A Biblical Prosperity Message (Part 2) by Michael Furlonger

This is Part 2 on the topic of a truly Biblical prosperity message. To read the first, click HERE. I felt the need to share the importance of reading the Bible accurately after a friend shared a false prosperity message. From that, I wrote about the time My Best Friend’s Wife Wrote Me A Love Letter.

Now, I do believe there is a genuine prosperity message that comes from God, not any of these prosperity preachers. Not because you go to church and put money in the offering plate, but because of God. So, last week I began to share on Biblical Prosperity through the story of Joseph from Genesis 37-39.

Recap: Joseph was sold as a slave by his brothers. He was bought as a slave by a man named Potiphar. The LORD was with Joseph while he was a slave and Potiphar raised him as an overseer, but a slave none-the-less. Potiphar’s wife wanted to sleep with Joseph, but Joseph declined so not to dishonour God. Potiphar’s wife accused Joseph of rape and Potiphar threw him in prison.

But while Joseph was there in the prison, the LORD was with him; he showed him kindness and granted him favor in the eyes of the prison warden. So the warden put Joseph in charge of all those held in the prison, and he was made responsible for all that was done there. (Genesis 39:20-22)

Joseph Tells Cupbearer

Now, Joseph is in prison. Even though the LORD is with him and the prison warden notices this, Joseph is still in prison. The same as when Potiphar noticed that the LORD was with Joseph, Joseph was still a slave. That’s the rule I pointed out: Even though many preacher’s today preach immediate wealth, biblically, you can only prosper to the reach of the other person. Allow me to explain.

The prison warden noticed that there was something special about Joseph and placed him in charge. In time, Joseph finds two men in prison: the Pharaoh’s chief baker and the Pharaoh’s chief cupbearer (Genesis 40:1). While they are under Joseph’s watch, both of them appear troubled over their dreams.

Then Joseph said to them, “Do not interpretations belong to God? Tell me your dreams.” (Genesis 40:8)

So they tell Joseph their dreams. He tells the cupbearer that his dream speaks of him being reinstated as Pharaoh’s chief cupbearer (Genesis 40:12-15). The baker’s dream, however, spoke of him being hanged (Genesis 40:18-19). After the cupbearer is reinstated at Pharaoh’s side, he leaves the prison and Joseph is forgotten.

Cupbearer Tells Pharaoh

Joseph remains in prison for two more years, until Pharaoh has two dreams. It is at this point that the cupbearer remembers Joseph’s ability to interpret dreams and tells Pharaoh about him (Genesis 41:9-13). Pharaoh calls on Joseph and tells him his dreams (Genesis 41:14-15). And this is how Joseph replies,

 “I cannot do it,” Joseph replied to Pharaoh, “but God will give Pharaoh the answer he desires.” (Genesis 41:16)

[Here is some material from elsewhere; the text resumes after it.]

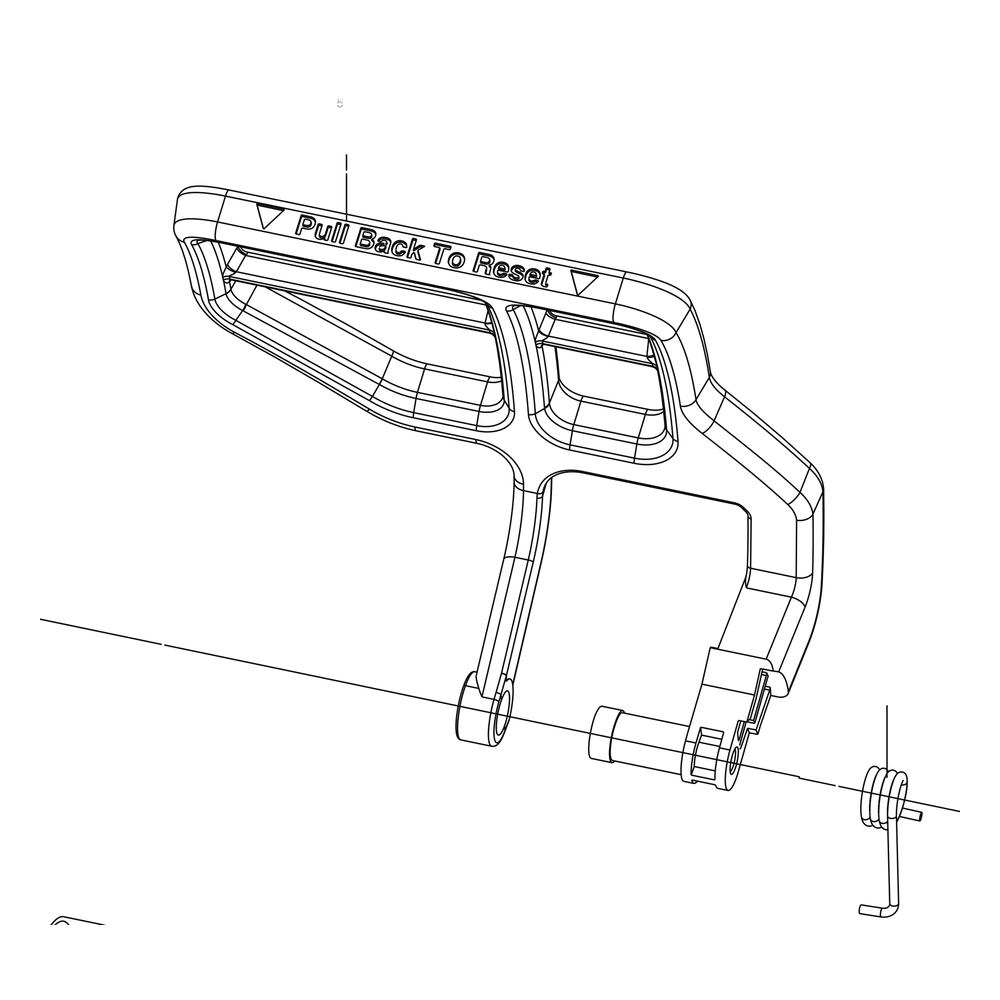 Kress Part # 59006713 : Front handle guard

Pharaoh goes on to tell Joseph his dreams (Genesis 41:17-24). Joseph tell Pharaoh that his dreams speak of seven years of great prosperity followed by seven years of famine. He encourages Pharaoh to find someone to prepare for the famine (Genesis 41:25-36).

Then Pharaoh said to Joseph, “Since God has made all this known to you, there is no one so discerning and wise as you. You shall be in charge of my palace, and all my people are to submit to your orders. Only with respect to the throne will I be greater than you.” (Genesis 41:39-40)

Explanation:

There are two people that I want us to look at as we discuss Biblical prosperity: The Cupbearer and The Pharaoh.

If you lift up God, as Joseph credited God with his dream interpretations, people will notice. The cupbearer noticed. He couldn’t raise up (prosper) Joseph from his prison cell. Although it took two years for the opportunity to arise, but the cupbearer did tell Pharaoh of Joseph.

Allow me to repeat what Pharaoh said: “Only in respect to the throne will I be greater than you.” Even Pharaoh had his “limitations”. He could only raise him up to his level.

As we talk about Biblical prosperity, people will raise you up because they see God. Christian and non-Christian alike have an inner desire for godliness. Your employer may not be a church going Christian, but if he sees you speaking with a civil, respectful tongue, he will take notice. If you genuinely respect a customer, let the customer lift you up (cupbearer to Pharaoh).

But if you’re going to church thinking, “I’m going to put money in the offering plate, sing the songs and God will owe me one,” you’re lost.